Capital Markets

Rating Agency Warns of Future Defaults

The global default rate is low today, says Standard and Poor's, but default pressure may rise not far in the future.
Stephen TaubMarch 2, 2004

Credit rating agency Standard and Poor’s announced that the global default rate fell to 4.21 percent at the end of February, from a revised rate of 4.64 percent in January.

The current rate is well below the average of 5.3 percent dating back to 1981, and S&P predicts that the default rate will continue to drift lower in 2004. The reasons for the continued improvement include expectations for greater economic strength, continued favorable financing conditions, and improving corporate profitability.

Despite the optimism, however, S&P warned that it is concerned about an increase in defaults in the next two to three years due to a rising proportion of lower-grade issuance in the United States, and to a lesser extent in Europe.

Lower-grade issuance — rated B- or lower — accounted for 45 percent of new U.S. issues in February and 47 percent in January, compared with just 31 percent for 2003.

Indeed, due to favorable demand and supply conditions, the number of U.S. issuers approaching the high-yield bond market for the first time — both for ratings and issuance — doubled in 2003 compared with the two previous years.
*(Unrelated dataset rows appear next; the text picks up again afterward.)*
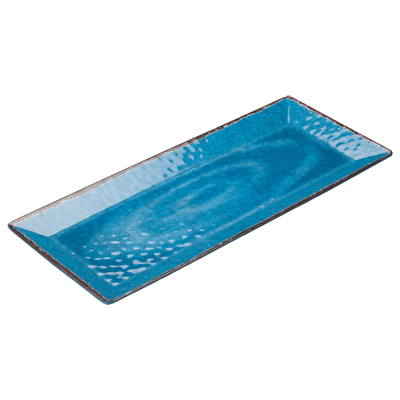 Plate Blue Melamine 19" x 8" - 24 Plates/Case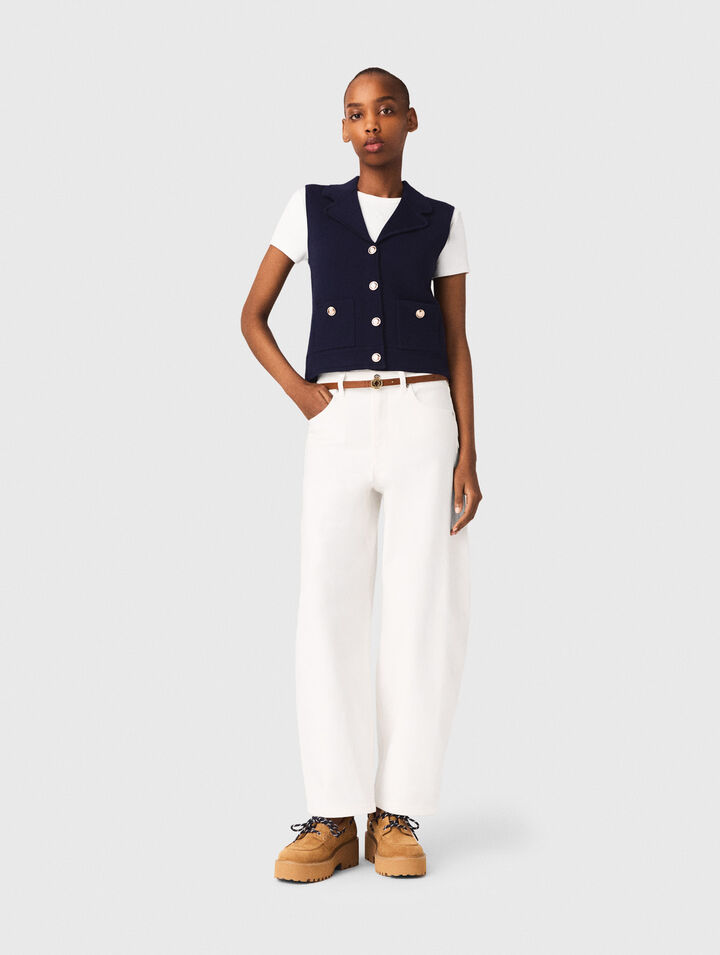 Gilet en maille &agrave; col polo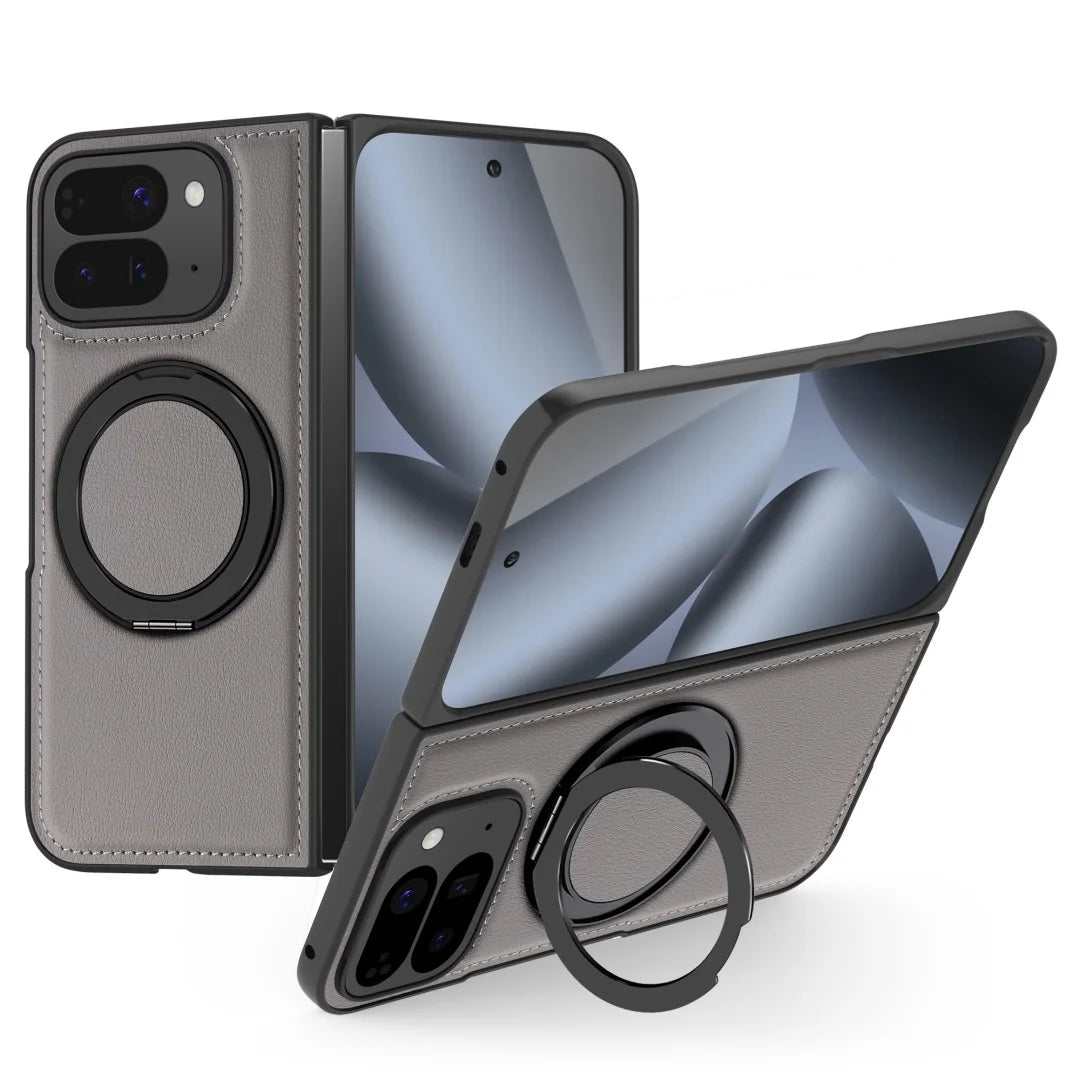 Embossed PU Leather Case For Google Pixel 10 Pro Fold Magnetic 360° Rotation Metal Stand Comfort Grip Case Cover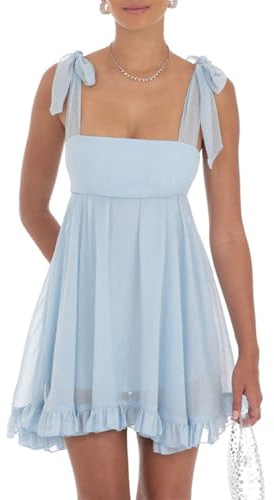 LYSINK Women Y2k Lace Mini Dress Ruffle Fly Sleeve Corset Mini Dress Short Formal Grad Backless A Line College Dresses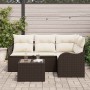 Conjunto de sofá de jardín con cojín 5 pcs Gris Poliratán
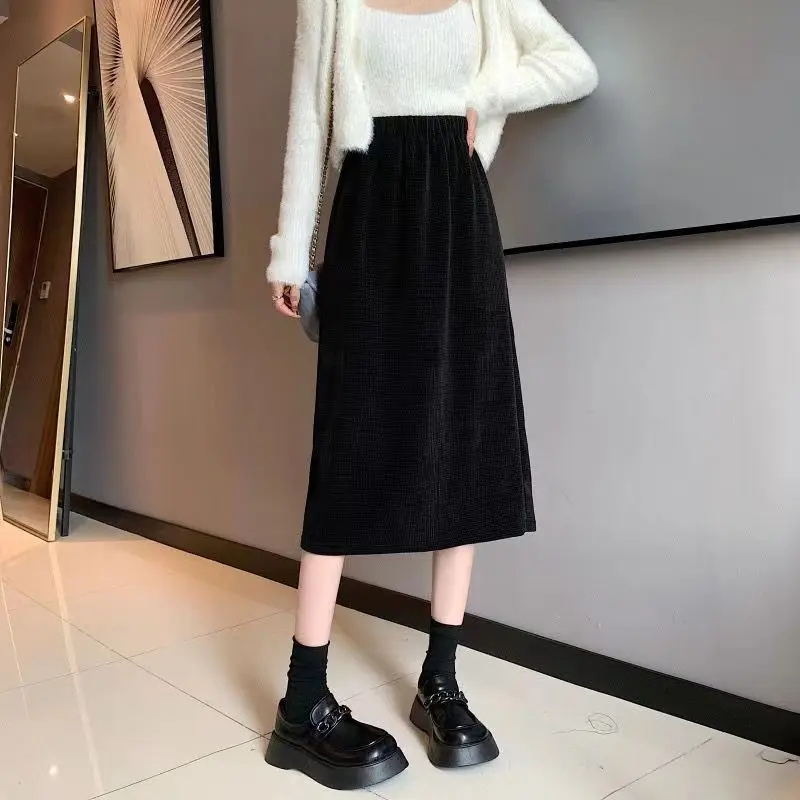 

Half length Dress Autumn/Winter A-line Corduroy Dress High Waist Mid length Back Split Solid Color Versatile Retro Style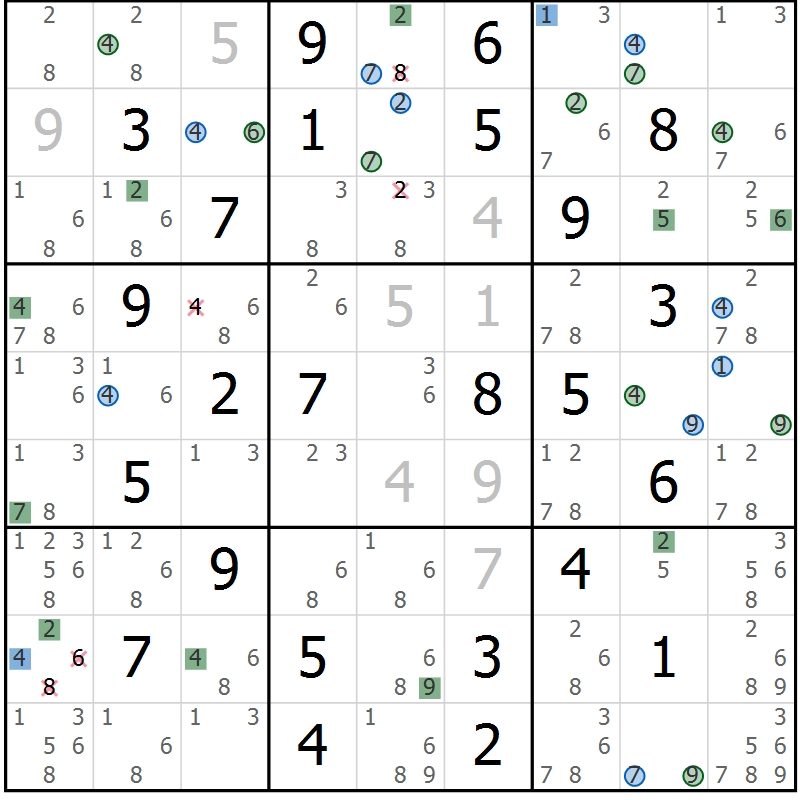 Position des candidats pour la solution de la Gr 43 page 46 du magazine de sudoku Suprême n° 030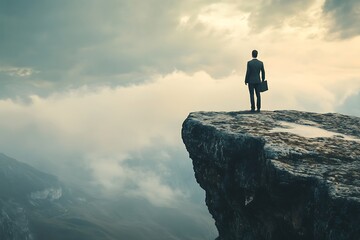Obraz premium Businessman on clifftop, looking at the future. Concept of risk, challenge, and opportunity.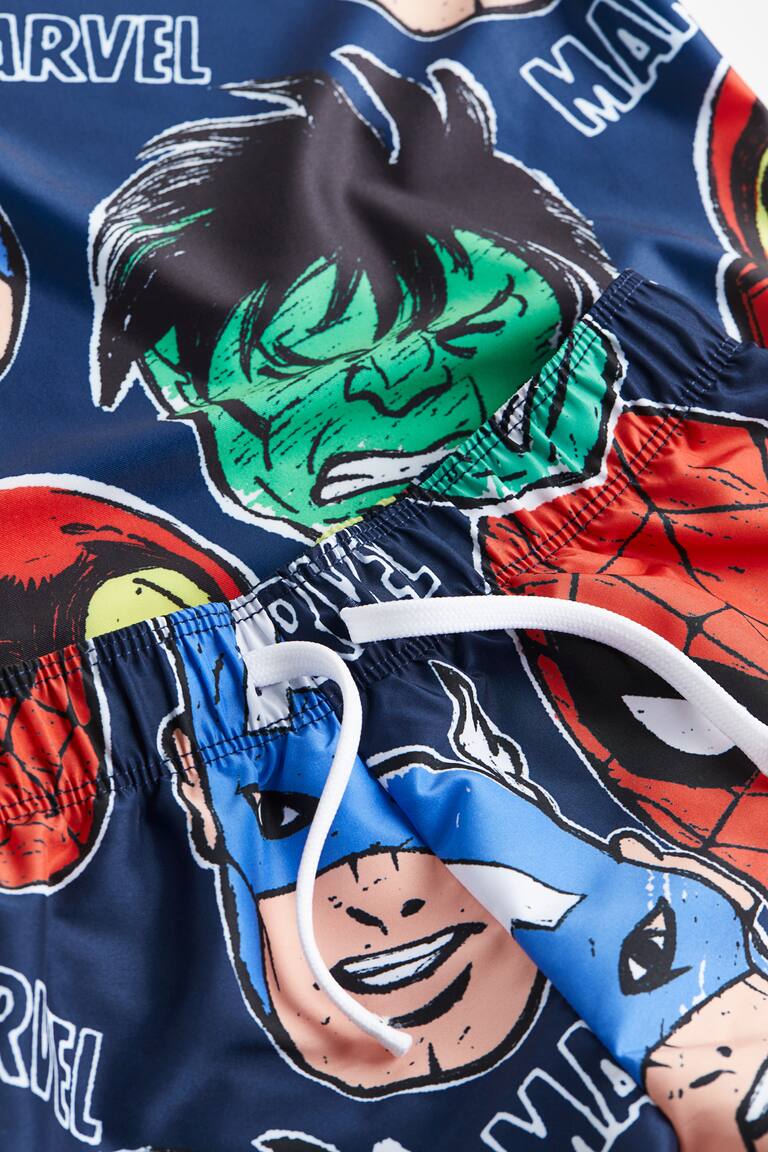 Printed Swim Set Dark blue/Marvel Comics Kids H&M US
Even so, the total 77 first-timers in 2003 was well below the annual peak of 256 seen in 1997.

Many of the first-time U.S. issuers in 2003 came from the consumer products, health care, and media and entertainment sectors, reported the rating agency.

S&P pointed out that average credit rating among these first-time issuers falls around a B+, which generally corresponds with a B- rating at the issue level.

“This rising influx of lower-rated issuers into the U.S. speculative-grade market spells caution for credit quality and defaults down the road,” noted the report. “When the share of lower-grade issuance (particularly at the ‘B-‘ level or lower) exceeds 30 percent for a sustained period of time, it generally serves as a reliable indicator of imminent default pressure two to three years ahead.”